Giuliano Poletti: il video delle scuse

Le dichiarazioni sui cervelli in fuga dall’Italia di Giuliano Poletti, ministro del Lavoro e delle Politiche Sociali, fanno scoppiare indignazione e risentimento in tutta la nazione.

Il ministro, ospite a Fano a un incontro organizzato dal Partito Democratico per discutere sui temi dell’economia e della cooperazione nel territorio marchigiano, si era lasciato andare a una considerazione del tutto sconveniente sui giovani italiani costretti a recarsi all’estero in cerca di un lavoro, quello che in Italia tra voucher, Jobs Act e pensioni “inarrivabili” è una possibilità oltre il remoto.

«Intanto – ha sostenuto Poletti – bisogna correggere un’opinione secondo cui quelli che se ne vanno sono sempre i migliori.
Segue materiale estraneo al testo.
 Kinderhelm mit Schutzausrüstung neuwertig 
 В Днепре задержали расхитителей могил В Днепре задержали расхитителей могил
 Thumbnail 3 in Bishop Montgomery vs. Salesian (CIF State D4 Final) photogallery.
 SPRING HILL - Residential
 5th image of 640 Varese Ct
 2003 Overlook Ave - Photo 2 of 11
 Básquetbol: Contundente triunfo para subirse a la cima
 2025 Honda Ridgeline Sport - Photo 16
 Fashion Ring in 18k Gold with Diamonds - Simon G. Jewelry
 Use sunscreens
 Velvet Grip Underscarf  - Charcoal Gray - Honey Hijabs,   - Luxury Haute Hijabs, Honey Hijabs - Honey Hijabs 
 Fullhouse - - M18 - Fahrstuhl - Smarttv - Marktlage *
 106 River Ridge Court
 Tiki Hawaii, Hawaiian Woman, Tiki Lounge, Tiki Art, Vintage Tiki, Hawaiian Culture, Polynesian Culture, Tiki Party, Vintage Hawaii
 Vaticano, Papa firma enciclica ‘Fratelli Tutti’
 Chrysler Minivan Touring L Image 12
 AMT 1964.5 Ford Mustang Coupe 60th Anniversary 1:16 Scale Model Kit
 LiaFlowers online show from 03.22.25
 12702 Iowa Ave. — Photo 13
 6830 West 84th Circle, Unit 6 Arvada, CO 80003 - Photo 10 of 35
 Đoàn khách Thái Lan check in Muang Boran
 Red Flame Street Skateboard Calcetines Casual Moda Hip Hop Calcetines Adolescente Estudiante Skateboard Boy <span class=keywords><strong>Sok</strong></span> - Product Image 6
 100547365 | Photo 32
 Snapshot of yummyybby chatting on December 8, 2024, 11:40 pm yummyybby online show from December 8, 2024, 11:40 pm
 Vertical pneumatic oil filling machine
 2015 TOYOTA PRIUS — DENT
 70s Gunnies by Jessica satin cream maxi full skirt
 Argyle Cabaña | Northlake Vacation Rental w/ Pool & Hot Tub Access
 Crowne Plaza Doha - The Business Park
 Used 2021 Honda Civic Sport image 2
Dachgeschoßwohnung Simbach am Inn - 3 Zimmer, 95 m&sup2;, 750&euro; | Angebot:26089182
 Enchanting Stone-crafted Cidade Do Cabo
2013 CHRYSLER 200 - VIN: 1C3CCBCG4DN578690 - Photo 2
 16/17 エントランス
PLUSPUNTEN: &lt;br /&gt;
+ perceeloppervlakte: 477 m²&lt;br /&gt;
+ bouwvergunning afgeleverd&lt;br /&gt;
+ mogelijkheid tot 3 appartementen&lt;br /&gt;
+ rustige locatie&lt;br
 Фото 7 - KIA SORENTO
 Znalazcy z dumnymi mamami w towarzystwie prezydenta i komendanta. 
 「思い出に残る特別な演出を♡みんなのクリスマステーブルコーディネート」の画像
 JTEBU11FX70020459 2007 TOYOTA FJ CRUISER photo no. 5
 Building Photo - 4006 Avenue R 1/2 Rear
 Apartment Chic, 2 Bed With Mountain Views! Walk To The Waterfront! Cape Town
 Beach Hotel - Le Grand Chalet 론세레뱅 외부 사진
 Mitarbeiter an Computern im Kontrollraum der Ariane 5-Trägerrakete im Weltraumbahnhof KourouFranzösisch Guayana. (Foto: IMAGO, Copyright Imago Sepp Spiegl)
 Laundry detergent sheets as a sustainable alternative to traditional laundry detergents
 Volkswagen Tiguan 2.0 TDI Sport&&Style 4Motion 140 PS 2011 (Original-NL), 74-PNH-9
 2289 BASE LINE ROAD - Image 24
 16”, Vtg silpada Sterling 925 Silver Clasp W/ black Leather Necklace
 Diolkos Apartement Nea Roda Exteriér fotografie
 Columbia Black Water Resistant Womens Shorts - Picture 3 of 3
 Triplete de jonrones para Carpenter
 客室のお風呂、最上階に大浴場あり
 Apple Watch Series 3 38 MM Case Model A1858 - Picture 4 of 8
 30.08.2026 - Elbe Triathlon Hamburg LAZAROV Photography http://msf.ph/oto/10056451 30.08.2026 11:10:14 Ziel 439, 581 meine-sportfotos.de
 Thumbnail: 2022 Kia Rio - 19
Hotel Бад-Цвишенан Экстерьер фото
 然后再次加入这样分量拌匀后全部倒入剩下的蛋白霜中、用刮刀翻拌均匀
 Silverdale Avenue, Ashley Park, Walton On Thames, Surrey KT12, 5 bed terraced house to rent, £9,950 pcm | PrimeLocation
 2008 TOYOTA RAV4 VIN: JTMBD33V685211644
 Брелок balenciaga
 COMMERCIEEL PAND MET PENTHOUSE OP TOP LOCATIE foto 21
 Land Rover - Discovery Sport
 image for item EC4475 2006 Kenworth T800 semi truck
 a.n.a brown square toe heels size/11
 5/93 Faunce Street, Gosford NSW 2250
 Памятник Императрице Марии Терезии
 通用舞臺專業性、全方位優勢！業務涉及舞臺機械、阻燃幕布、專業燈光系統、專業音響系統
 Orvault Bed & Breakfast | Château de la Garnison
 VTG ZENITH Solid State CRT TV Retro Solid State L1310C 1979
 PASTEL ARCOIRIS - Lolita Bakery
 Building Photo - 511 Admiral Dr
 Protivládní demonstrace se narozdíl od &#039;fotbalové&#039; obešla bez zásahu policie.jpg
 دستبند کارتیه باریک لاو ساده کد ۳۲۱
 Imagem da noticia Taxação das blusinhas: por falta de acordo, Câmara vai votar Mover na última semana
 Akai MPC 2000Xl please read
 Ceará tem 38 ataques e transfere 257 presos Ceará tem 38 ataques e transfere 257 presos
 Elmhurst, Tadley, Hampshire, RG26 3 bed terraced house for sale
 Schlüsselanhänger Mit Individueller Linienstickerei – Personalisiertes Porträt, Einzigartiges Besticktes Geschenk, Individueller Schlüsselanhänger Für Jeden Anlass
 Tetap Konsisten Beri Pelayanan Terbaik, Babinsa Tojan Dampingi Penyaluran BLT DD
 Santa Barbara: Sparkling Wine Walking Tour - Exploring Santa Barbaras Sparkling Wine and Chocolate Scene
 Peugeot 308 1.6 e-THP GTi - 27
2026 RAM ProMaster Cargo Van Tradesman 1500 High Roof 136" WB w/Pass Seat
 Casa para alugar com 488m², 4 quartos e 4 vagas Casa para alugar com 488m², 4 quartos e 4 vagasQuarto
Se ne vanno 100mila, ce ne sono 60 milioni qui: sarebbe a dire che i 100mila bravi e intelligenti se ne sono andati e quelli che sono rimasti qui sono tutti dei “pistola”. Permettetemi di contestare questa tesi». E fin qui nulla da eccepire, ma poi il Ministro Giuliano Poletti prosegue e l’epilogo non può che far discutere: «Conosco gente che è andata via e che è bene che stia dove è andata, perché sicuramente questo Paese non soffrirà a non averli più fra i piedi».

 

M5S, Lega Nord, Sinistra Italiana, Dem e alcuni esponenti del Gruppo Misto depositano in Senato una mozione di sfiducia contro Giuliano Poletti e la Lega annuncia anche un esposto sui finanziamenti pubblici, quasi mezzo milione di euro di contributi in tre anni, per Poletti Jr e il suo giornale romagnolo Setteserequi edito da una Coop di giornalisti.

La polemica scaturisce l’obbligato mea culpa di Giuliano Poletti, che certamente non si dimetterà ma prova a spegnere gli animi: «Evidentemente mi sono espresso male e me ne scuso. Non mi sono mai sognato di pensare che è un bene per l’Italia il fatto che dei giovani se ne vadano all’estero – chiarisce Giuliano Poletti in un video pubblicato sulla sua pagina FB – penso, semplicemente, che non è giusto affermare che a lasciare il nostro Paese siano i migliori e che, di conseguenza, tutti gli altri che rimangono hanno meno competenze e qualità degli altri. Ritengo, invece, che è utile che i nostri giovani possano fare esperienze all’estero, ma che dobbiamo dare loro l’opportunità tornare nel nostro Paese e di poter esprimere qui le loro capacità e le loro energie».

Costretti ai cosiddetti buoni lavoro, a trovare la fugace felicità anche nella più piccola e precaria opportunità lavorativa, a subire la mortificazione costante di persone che senza titolo alcuno rivestono le più alte cariche dello Stato, a vedere chi sbaglia uscire dalla porta e rientrare dalla finestra, scusate dunque, se i più coraggiosi provano ad andare all’estero alla ricerca di un Paese fondato realmente sul lavoro.